GIVEN DATA Block Start

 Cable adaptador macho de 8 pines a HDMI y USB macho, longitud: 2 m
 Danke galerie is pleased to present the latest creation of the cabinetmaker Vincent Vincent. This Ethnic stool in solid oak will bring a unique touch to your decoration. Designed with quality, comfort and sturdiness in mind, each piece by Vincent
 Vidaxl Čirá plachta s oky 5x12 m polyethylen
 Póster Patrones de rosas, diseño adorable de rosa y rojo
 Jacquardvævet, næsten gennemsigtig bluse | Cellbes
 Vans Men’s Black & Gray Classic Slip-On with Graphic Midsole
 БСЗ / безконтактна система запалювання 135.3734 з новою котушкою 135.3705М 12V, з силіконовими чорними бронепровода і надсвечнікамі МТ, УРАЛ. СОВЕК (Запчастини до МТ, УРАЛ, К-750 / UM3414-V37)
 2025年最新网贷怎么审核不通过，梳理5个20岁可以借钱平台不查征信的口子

GIVEN DATA Block End
GIVEN DATA Block Start

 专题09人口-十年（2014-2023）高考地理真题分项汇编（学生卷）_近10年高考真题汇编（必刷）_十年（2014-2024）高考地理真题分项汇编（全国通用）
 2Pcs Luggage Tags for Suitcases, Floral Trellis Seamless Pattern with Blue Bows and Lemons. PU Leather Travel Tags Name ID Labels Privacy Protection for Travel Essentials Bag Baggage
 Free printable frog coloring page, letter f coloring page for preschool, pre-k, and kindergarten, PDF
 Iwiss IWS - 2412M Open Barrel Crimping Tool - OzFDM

GIVEN DATA Block End

- _BRIEF_: Please give back, exactly as it stands above, the stretch from the line with "Cable adaptador macho" through the line with "2025年最新网贷怎么审核不通过，梳理5个20岁可以借钱平台不查征信的口子", and no line outside it.

- _RESPONSE AREA_:
 Cable adaptador macho de 8 pines a HDMI y USB macho, longitud: 2 m
 Danke galerie is pleased to present the latest creation of the cabinetmaker Vincent Vincent. This Ethnic stool in solid oak will bring a unique touch to your decoration. Designed with quality, comfort and sturdiness in mind, each piece by Vincent
 Vidaxl Čirá plachta s oky 5x12 m polyethylen
 Póster Patrones de rosas, diseño adorable de rosa y rojo
 Jacquardvævet, næsten gennemsigtig bluse | Cellbes
 Vans Men’s Black & Gray Classic Slip-On with Graphic Midsole
 БСЗ / безконтактна система запалювання 135.3734 з новою котушкою 135.3705М 12V, з силіконовими чорними бронепровода і надсвечнікамі МТ, УРАЛ. СОВЕК (Запчастини до МТ, УРАЛ, К-750 / UM3414-V37)
 2025年最新网贷怎么审核不通过，梳理5个20岁可以借钱平台不查征信的口子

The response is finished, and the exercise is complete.